Despite global natural catastrophe insured losses in H1 2022 being higher than the average of the past 10 years, they are manageable for P&C insurers.

DBRS Morningstar stated that it considers insurers’ risk management responses to climate change, which includes annual premium re-pricing and robust reinsurance programs, to be adequate in mitigating short-term profitability implications.

However, climate model risks are significant, in part because greenhouse gas (GHG) emissions are expected to have a greater impact on the climate and because they are difficult to predict.

Accordingly, DBRS Morningstar states that the estimated H1 2022 global natural catastrophe-related insured losses, which amounted to $35 billion, are only slightly above the 10 year inflation-adjusted average for the January–June period ($29 billion) and are significantly lower than the $46 billion of the same period last year.

Therefore, from both a profitability and credit risk perspective, 2022 so far has been a year that has provided solid growth in premiums, and good underwriting income and profitability.

Furthermore, DBRS Morningstar highlights that a crucial risk management tool that is contributing to the cost of property insurance is the insurer’s utilization of reinsurance programs. After years of relatively modest gains, the reinsurance price index experienced its highest increase in 16 years, rising close to 15% for H1 2022 renewals. But, while climate change is not the only factor that is driving this trend, it is playing a contributing role.

Therefore, DBRS Morningstar expects continuing global reinsurance price increases at this higher scale, in part to compensate for prior years more subdued reinsurance price hikes. These increased reinsurance costs would likely be fed into higher property premium increases in the future, barring a substantial moderation or decrease in the climate change risk.

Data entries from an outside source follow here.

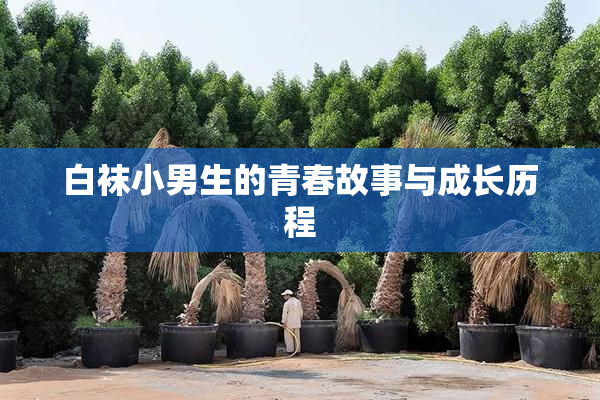 白袜小男生的青春故事与成长历程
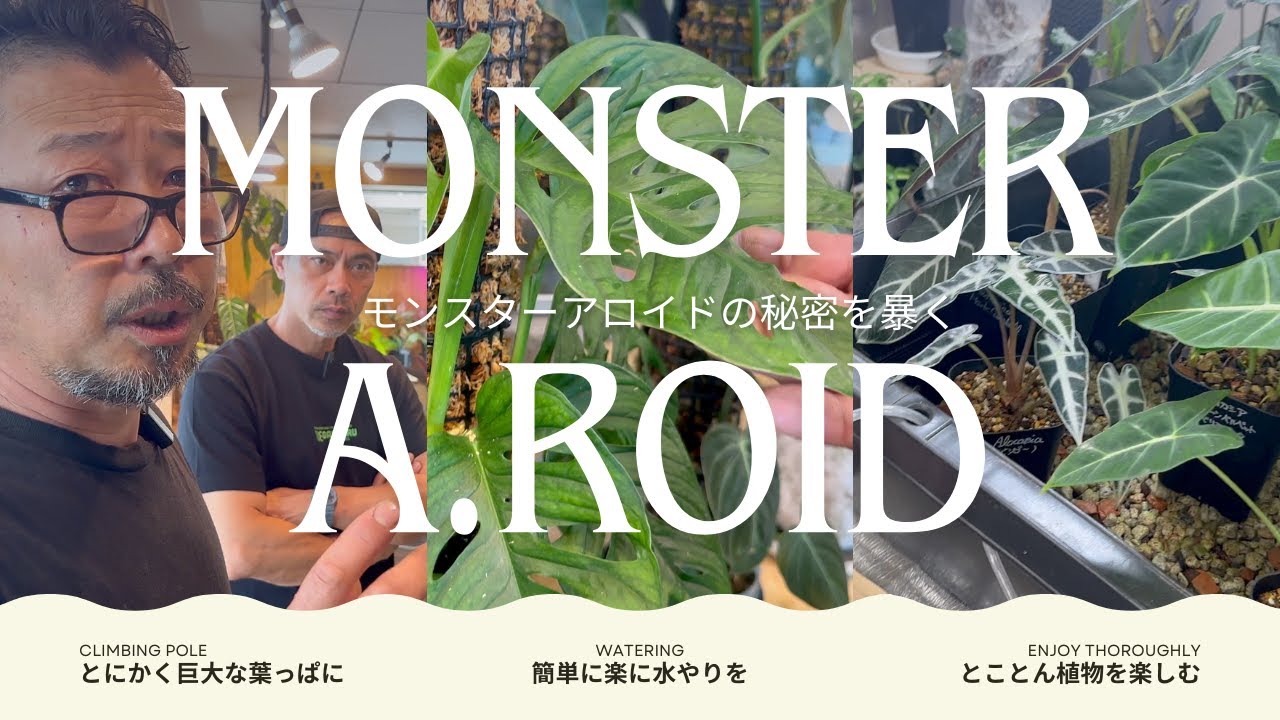 【モンスターアロイド】観葉植物専門店の裏テクニックを徹底的調査した結果...《モンステラ》《アロカシア》《フィロデンドロン》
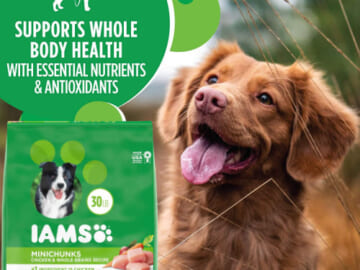 30 Lb Bags Select Iams Dry Dog Food as low as $15.68 Shipped Free (Reg. $33+) – From $0.53/Lb – $14 OFF First Purchase of Select Iams Dry Dog Food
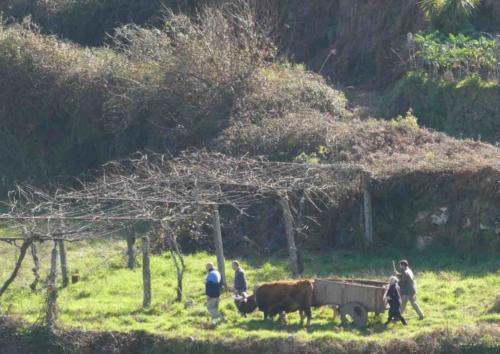 In this village too, traditions are on display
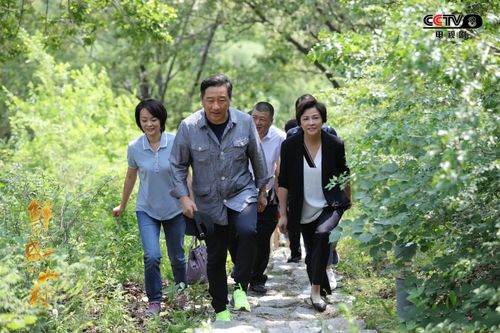 央八首播,东北题材,故事真实,优质农村剧|鲜花盛开的山村|电视剧|铅锌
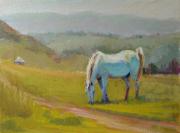 Top of the World in Marin Top of the World in Marin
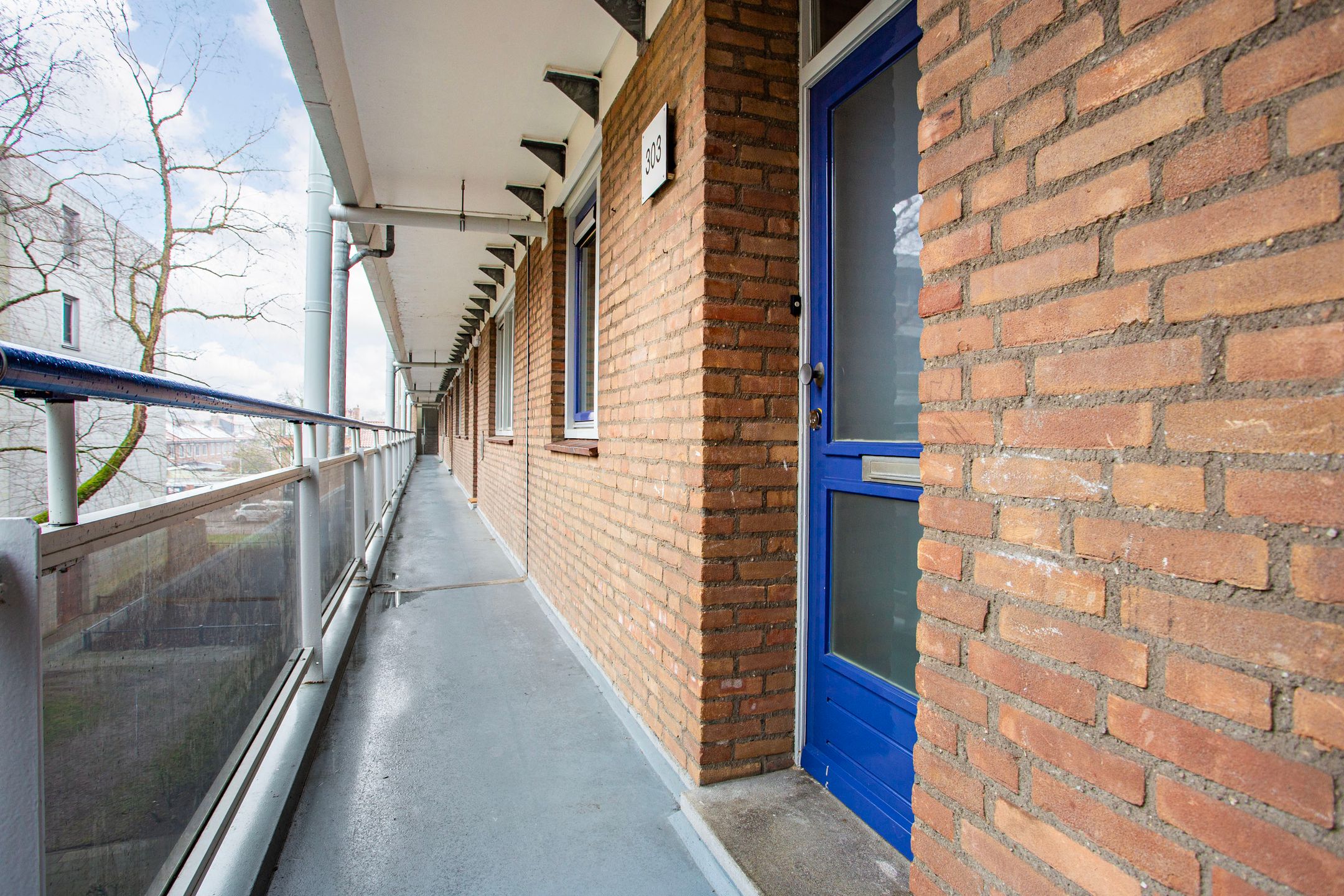 Photo 6 of Zangvogelweg 303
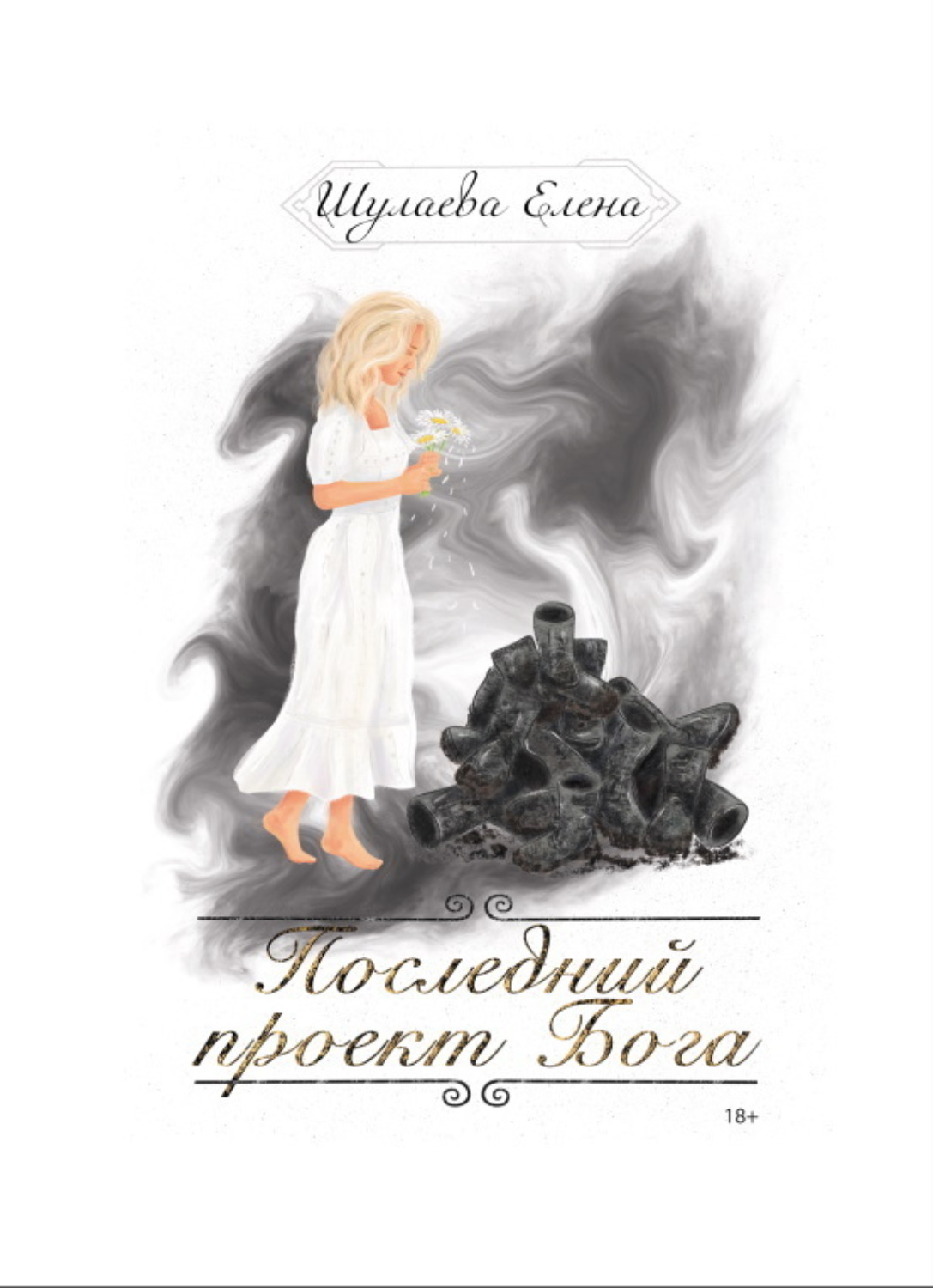 Обложка книги «Последний проект Бога»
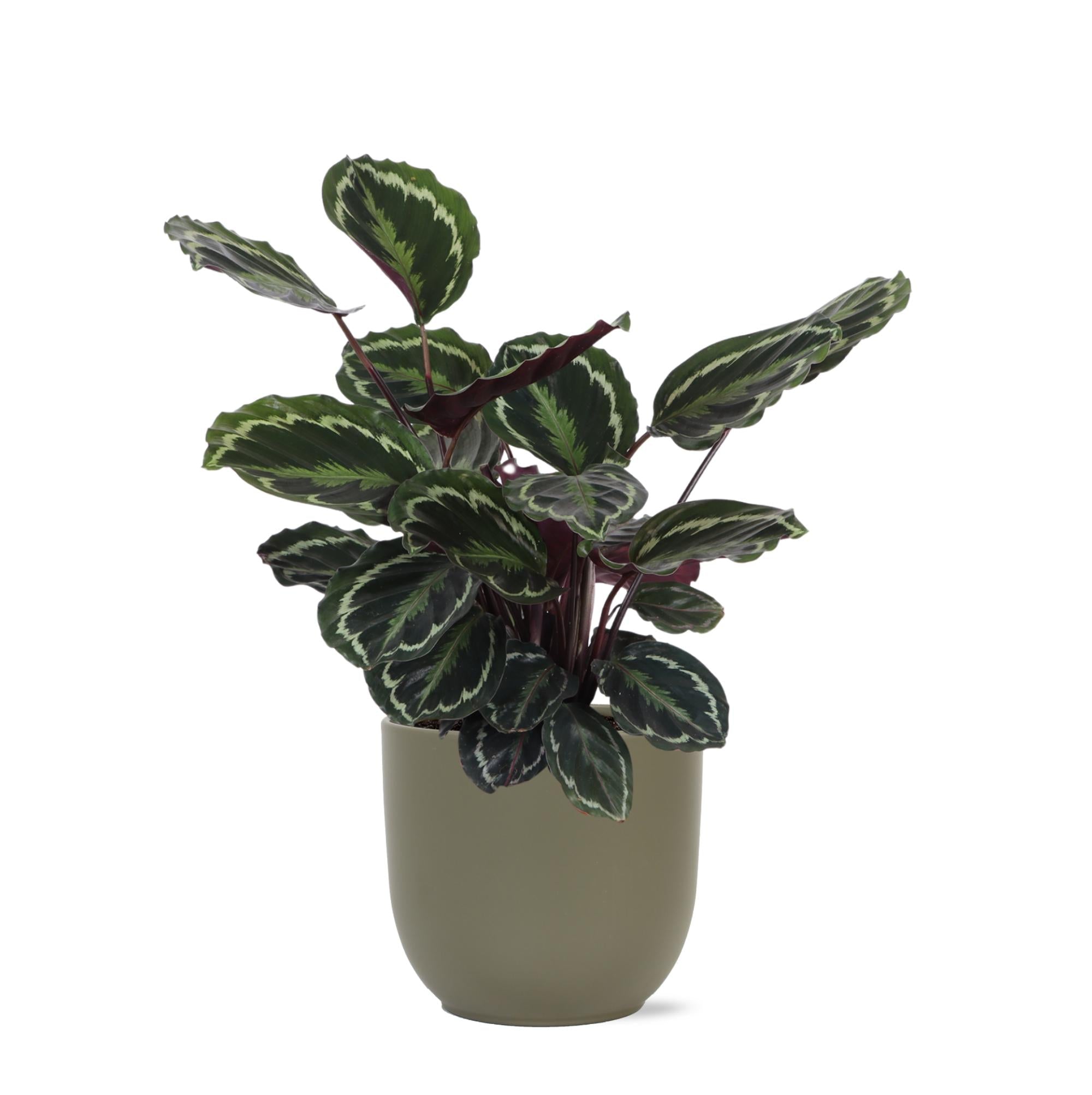 Calathea-Medaillon Ø21cm - ↕70cm im Boule-OLIVE-Topf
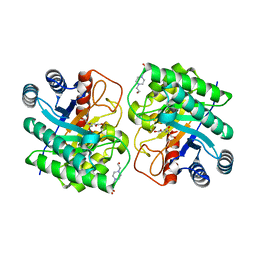 BU of 7cj9 by Molmil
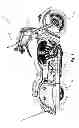 Fig. 05 - Two-wheeled vehicle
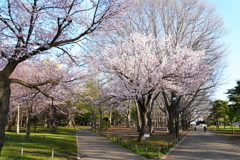 円山公園　桜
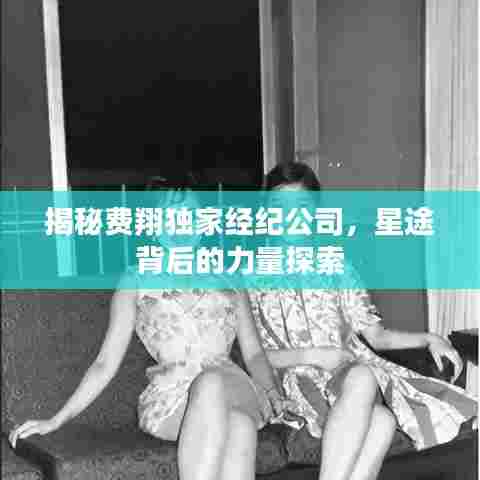 揭秘费翔独家经纪公司,星途背后的力量探索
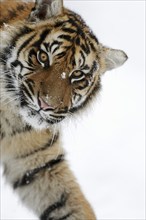 Sumatran tiger (Panthera tigris sumatrae) in the snow, captive, native to Sumatra, Indonesia, Asia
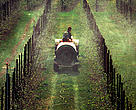 Spraying fruitplants against insects, The Netherlands.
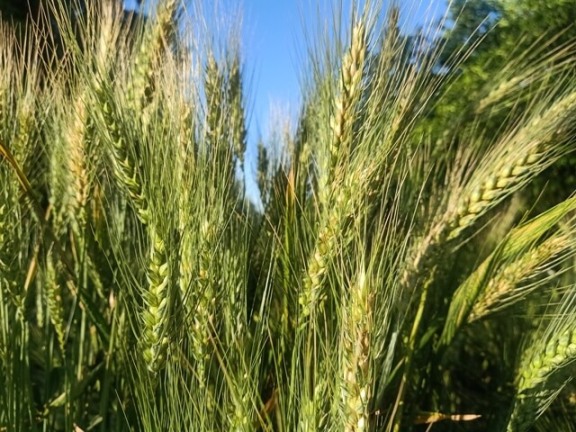 Wheat kernels before ripening 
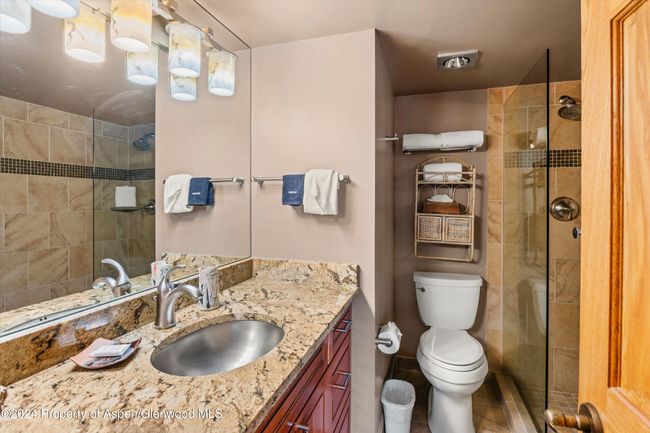 202 - 131 E Durant Ave, Condo with 2 bedrooms, 2 bathrooms and null parking in Aspen CO | Image 8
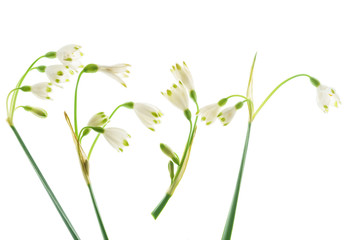 snowdrop flowers on the white
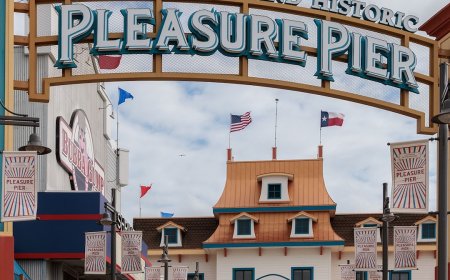 8 Rescued After Roller Coaster Mishap Left Riders Stuck 100 Feet High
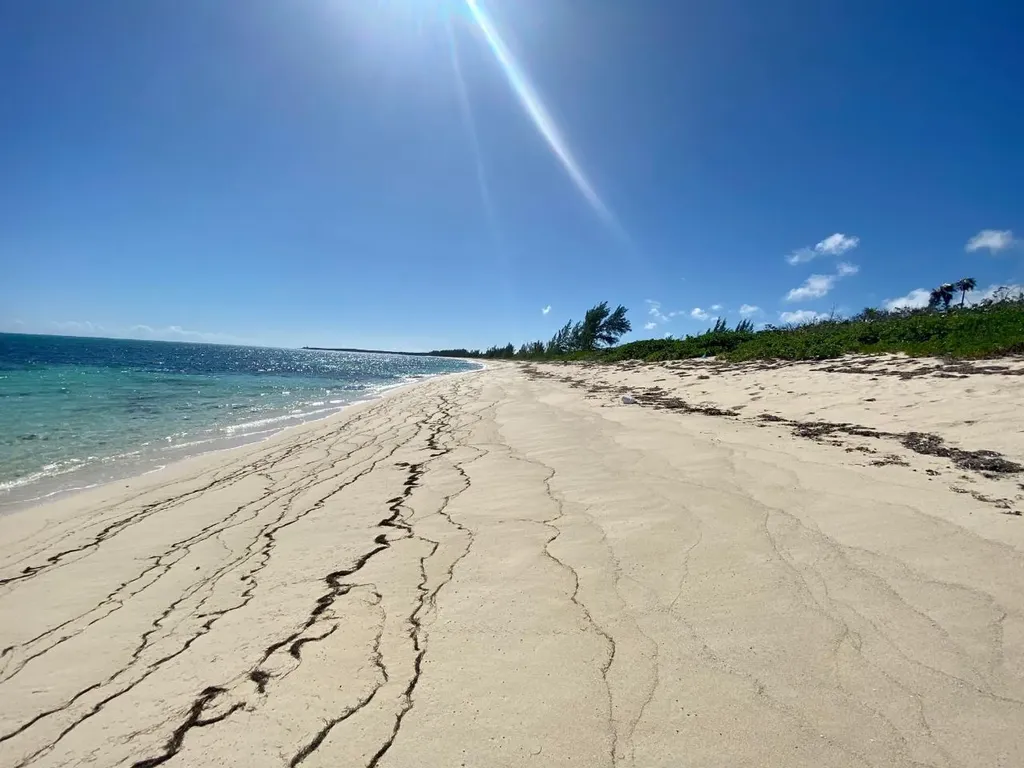 Freeman Hall Estate Cat Island BS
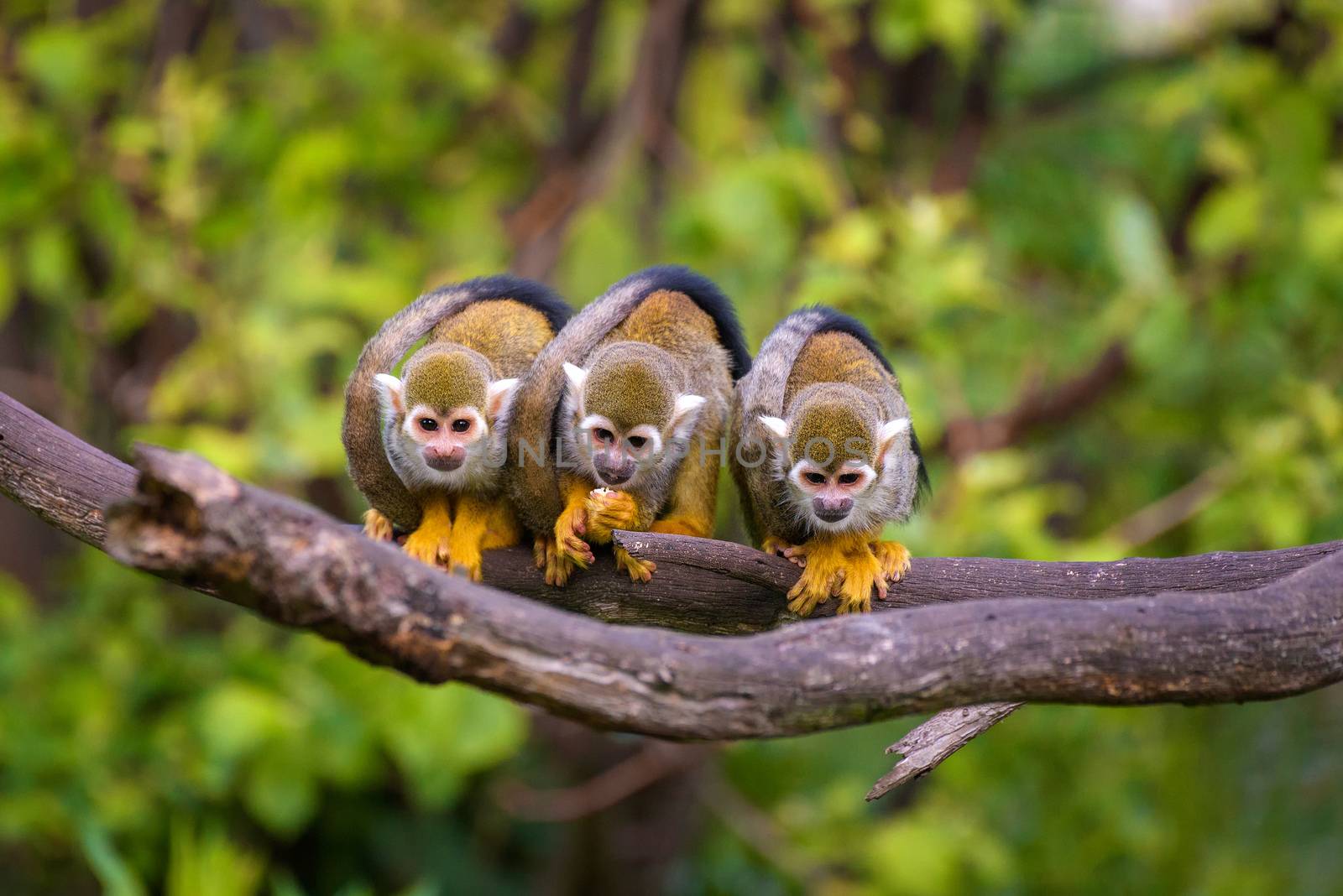 Three common squirrel monkeys sitting on a tree branch very close to each other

At the same time, climate adaptation measures, which includes investments in climate-resilient infrastructure such as by building structures that are better able to withstand higher intensity and volume of rainfall, for example, could mitigate climate change risks. But, DBRS Morningstar states that in the absence of such investments by public and private stakeholders, they expect to see premium rate increases above the rate of inflation for the foreseeable future.